🤖 AI Summary
Existing FlashAttention relies on hand-tuned GPU optimizations, exhibiting poor cross-architecture generalizability; meanwhile, large language models (LLMs) struggle to generate high-performance attention kernels due to their inability to model complex data flows and GPU-specific primitives. Method: We propose LLM-TL—a novel, LLM-friendly thinking language—that for the first time decouples attention computation into high-level optimization logic and low-level implementation, enabling a two-stage TL-Code generation and translation framework.
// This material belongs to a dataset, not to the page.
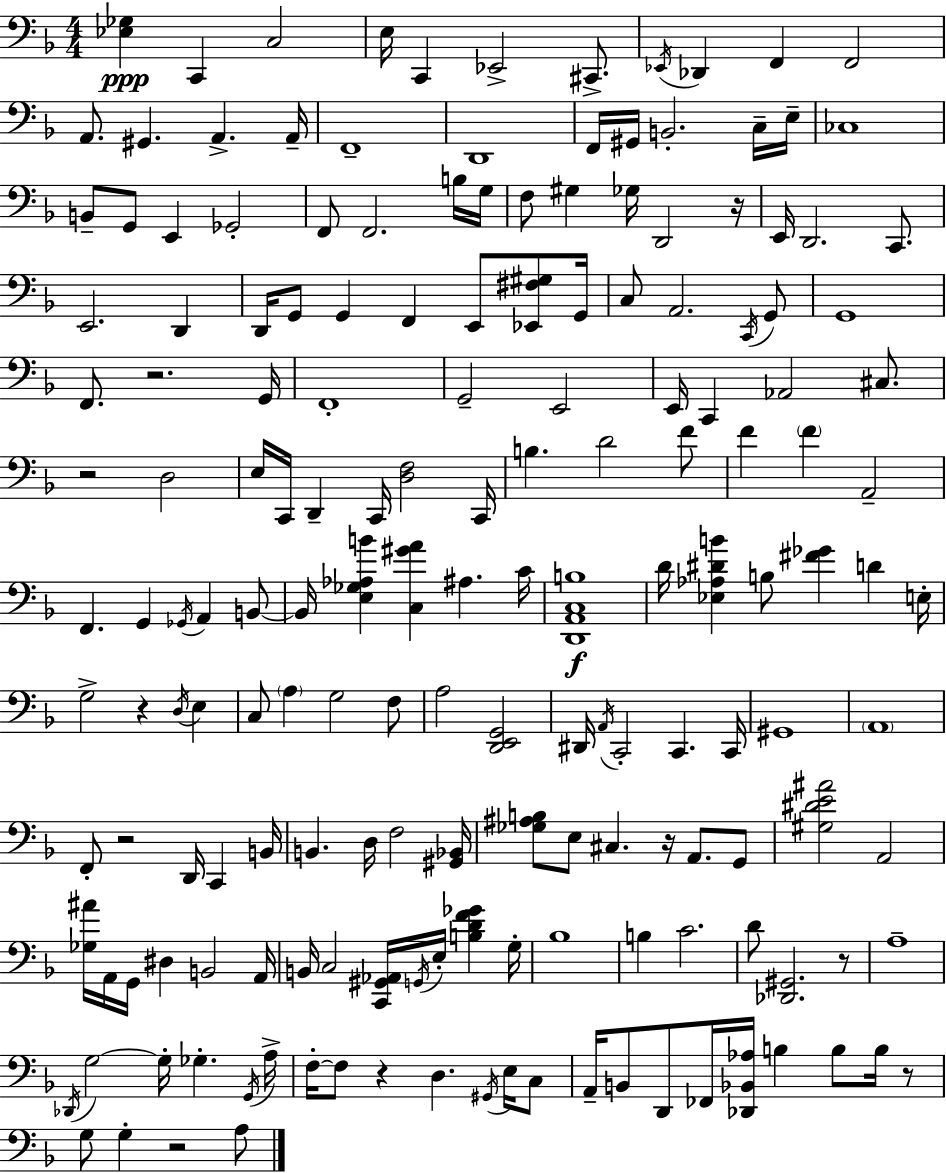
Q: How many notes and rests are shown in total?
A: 174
Contribution/Results: Our approach supports zero-shot hardware and data-type adaptation, automatically synthesizing optimized attention kernels across diverse GPUs (e.g., A100, RTX 8000, T4). Experiments show generated kernels match FlashAttention’s performance, achieving up to 35.16× speedup over baseline implementations and outperforming cuDNN. Hardware adaptation time is reduced from months to minutes, establishing the first self-optimizing paradigm for attention operators.
📝 Abstract
The attention operator remains a critical performance bottleneck in large language models (LLMs), particularly for long-context scenarios. While FlashAttention is the most widely used and effective GPU-aware acceleration algorithm, it must require time-consuming and hardware-specific manual implementation, limiting adaptability across GPU architectures. Existing LLMs have shown a lot of promise in code generation tasks, but struggle to generate high-performance attention code. The key challenge is it cannot comprehend the complex data flow and computation process of the attention operator and utilize low-level primitive to exploit GPU performance. To address the above challenge, we propose an LLM-friendly Thinking Language (LLM-TL) to help LLMs decouple the generation of high-level optimization logic and low-level implementation on GPU, and enhance LLMs' understanding of attention operator. Along with a 2-stage reasoning workflow, TL-Code generation and translation, the LLMs can automatically generate FlashAttention implementation on diverse GPUs, establishing a self-optimizing paradigm for generating high-performance attention operators in attention-centric algorithms. Verified on A100, RTX8000, and T4 GPUs, the performance of our methods significantly outshines that of vanilla LLMs, achieving a speed-up of up to 35.16x. Besides, our method not only surpasses human-optimized libraries (cuDNN and official library) in most scenarios but also extends support to unsupported hardware and data types, reducing development time from months to minutes compared with human experts.